I've not been with the internet since it began, by any measure - I'm pretty sure we never had a modem slow enough to be measured in "bauds", for instance. I have been participating online for the majority of my conscious life though, mostly on forums but occasionally IRC channels too (not hacker ones; I've never had much of an interest in the misuse of computers).
I don't remember there being quite so much slang thrown around as easily or as widely as it is now, though. There was always a "lol" here and there (I made a conscious decision to stop using that particular acronym not long after I first encountered it), maybe a rofl or lmao, but there's a bewildering number of shorthand phrases around nowadays.
Okay, that paragraph made me sound (and feel) ridiculously old.

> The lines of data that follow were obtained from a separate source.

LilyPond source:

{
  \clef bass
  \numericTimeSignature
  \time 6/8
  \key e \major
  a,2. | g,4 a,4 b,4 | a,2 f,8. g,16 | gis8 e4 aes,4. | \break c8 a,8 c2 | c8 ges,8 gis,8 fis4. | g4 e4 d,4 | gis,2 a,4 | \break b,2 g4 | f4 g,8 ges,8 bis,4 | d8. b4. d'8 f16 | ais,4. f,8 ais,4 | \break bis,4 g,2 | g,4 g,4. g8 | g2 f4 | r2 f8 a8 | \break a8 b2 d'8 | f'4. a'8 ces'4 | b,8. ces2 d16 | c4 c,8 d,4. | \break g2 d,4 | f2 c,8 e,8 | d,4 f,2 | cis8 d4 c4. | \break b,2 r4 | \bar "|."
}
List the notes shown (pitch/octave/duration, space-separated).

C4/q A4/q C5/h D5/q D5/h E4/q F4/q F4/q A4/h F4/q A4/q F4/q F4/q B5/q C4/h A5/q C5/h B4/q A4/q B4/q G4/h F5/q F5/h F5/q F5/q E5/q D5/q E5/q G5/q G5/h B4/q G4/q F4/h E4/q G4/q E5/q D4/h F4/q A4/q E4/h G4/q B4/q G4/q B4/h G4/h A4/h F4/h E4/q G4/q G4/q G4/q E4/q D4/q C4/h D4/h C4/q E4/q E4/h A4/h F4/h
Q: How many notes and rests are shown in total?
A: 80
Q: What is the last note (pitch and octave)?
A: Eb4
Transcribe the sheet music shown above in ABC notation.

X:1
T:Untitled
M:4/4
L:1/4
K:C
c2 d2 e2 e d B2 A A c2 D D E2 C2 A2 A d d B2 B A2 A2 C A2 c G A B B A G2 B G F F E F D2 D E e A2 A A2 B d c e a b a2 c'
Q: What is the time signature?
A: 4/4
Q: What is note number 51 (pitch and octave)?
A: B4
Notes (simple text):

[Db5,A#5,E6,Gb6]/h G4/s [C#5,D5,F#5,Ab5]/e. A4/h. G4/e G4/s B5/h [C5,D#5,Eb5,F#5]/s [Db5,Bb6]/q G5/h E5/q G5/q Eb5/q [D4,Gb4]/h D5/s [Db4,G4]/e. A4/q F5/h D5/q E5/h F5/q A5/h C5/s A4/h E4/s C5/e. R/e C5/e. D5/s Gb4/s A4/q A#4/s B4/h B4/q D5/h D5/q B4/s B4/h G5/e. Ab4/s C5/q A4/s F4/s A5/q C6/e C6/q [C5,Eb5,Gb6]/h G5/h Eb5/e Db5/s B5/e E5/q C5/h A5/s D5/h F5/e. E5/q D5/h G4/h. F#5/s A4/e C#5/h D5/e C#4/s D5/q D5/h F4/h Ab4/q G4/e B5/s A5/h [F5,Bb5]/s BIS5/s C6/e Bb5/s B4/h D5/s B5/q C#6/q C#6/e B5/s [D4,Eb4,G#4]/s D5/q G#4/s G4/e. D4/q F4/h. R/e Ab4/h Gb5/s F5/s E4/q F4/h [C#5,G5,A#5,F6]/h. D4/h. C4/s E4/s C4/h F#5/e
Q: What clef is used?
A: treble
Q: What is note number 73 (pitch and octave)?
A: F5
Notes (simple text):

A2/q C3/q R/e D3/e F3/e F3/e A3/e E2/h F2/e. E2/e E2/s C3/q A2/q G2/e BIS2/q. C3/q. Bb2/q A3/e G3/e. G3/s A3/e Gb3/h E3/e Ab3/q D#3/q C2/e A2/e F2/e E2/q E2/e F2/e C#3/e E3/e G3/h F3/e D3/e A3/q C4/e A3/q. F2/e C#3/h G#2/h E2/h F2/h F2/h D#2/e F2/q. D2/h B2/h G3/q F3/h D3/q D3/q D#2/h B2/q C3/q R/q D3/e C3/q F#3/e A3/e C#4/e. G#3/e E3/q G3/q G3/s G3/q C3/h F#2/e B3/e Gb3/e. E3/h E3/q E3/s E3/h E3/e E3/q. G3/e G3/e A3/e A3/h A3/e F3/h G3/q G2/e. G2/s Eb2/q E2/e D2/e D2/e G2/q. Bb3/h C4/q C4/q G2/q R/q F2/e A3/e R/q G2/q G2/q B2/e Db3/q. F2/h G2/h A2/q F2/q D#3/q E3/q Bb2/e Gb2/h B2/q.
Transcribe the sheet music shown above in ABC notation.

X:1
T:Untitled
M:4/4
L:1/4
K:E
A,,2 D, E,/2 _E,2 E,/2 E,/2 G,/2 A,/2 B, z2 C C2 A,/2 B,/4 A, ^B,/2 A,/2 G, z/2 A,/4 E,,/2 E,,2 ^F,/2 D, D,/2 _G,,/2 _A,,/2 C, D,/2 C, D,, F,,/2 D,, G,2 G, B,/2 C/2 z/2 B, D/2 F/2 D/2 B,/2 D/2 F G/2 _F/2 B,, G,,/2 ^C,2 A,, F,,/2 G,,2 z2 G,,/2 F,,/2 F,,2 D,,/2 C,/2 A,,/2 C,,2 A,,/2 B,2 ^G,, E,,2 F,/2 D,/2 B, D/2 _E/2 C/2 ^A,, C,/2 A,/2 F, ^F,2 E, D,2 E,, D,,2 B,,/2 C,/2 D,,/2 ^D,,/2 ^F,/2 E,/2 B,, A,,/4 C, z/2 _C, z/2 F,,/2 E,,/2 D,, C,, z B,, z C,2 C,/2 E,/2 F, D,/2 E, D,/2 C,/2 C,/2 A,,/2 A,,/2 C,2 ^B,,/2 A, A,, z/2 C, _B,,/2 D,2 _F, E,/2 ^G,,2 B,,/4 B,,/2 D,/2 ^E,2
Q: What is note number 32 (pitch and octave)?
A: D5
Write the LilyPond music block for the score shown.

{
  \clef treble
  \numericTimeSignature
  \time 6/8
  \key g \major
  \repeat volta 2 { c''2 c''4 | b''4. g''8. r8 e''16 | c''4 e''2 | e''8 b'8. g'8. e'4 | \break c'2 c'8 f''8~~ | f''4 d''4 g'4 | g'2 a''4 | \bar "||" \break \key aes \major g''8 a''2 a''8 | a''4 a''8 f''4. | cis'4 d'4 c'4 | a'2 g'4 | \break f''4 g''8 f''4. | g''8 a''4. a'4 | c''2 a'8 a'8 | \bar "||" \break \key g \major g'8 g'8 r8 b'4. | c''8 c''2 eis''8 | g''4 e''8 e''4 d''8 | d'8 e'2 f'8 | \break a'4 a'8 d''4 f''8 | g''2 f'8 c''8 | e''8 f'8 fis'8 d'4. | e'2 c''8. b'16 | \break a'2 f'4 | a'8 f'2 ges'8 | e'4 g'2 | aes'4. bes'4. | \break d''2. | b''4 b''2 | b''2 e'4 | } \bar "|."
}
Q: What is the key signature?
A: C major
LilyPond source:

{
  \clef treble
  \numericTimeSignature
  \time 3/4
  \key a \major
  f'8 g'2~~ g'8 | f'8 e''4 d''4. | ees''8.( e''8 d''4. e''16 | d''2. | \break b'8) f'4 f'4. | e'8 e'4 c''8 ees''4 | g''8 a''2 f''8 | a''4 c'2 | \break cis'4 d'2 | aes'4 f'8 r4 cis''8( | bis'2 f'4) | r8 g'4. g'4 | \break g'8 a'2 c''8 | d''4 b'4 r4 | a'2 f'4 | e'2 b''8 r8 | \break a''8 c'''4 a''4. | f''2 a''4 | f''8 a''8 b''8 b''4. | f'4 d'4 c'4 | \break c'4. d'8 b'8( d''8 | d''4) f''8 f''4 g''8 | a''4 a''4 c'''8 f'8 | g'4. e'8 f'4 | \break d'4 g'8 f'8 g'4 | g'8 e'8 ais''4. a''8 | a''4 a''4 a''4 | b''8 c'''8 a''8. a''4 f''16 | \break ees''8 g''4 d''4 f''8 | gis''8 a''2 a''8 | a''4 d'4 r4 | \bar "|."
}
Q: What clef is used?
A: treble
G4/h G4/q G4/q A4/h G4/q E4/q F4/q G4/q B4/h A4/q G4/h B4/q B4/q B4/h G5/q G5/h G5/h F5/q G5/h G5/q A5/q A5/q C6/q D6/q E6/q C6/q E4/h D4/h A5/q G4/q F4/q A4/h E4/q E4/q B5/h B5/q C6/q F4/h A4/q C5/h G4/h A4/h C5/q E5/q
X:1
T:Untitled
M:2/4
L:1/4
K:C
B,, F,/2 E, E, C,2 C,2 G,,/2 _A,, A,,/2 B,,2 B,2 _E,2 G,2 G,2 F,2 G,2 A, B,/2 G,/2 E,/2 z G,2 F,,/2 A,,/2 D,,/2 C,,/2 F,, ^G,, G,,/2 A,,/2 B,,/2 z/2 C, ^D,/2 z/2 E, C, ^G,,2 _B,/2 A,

I'm a bit of a sticker for grammar, but for some reason the acronym shorthand common online isn't half as annoying as txt spk abbreviation or l337 5p34k letter substitution. I suppose it's because an acronym preserves the meaning and order of words, and although they've been cut down to a single letter each I don't have as hard a time deciphering it1.
There's usually enough context in the words or familiar acronyms around jfc for me to figure out wtf it means, but it feels like a barrier designed to keep my fogey brain out of these youngsters' internet. Or maybe I'm just getting paranoid.
1 The trick, I've found, is to work out one of the words from the context and work from there. Also, and "f" is usually pretty obviously profane.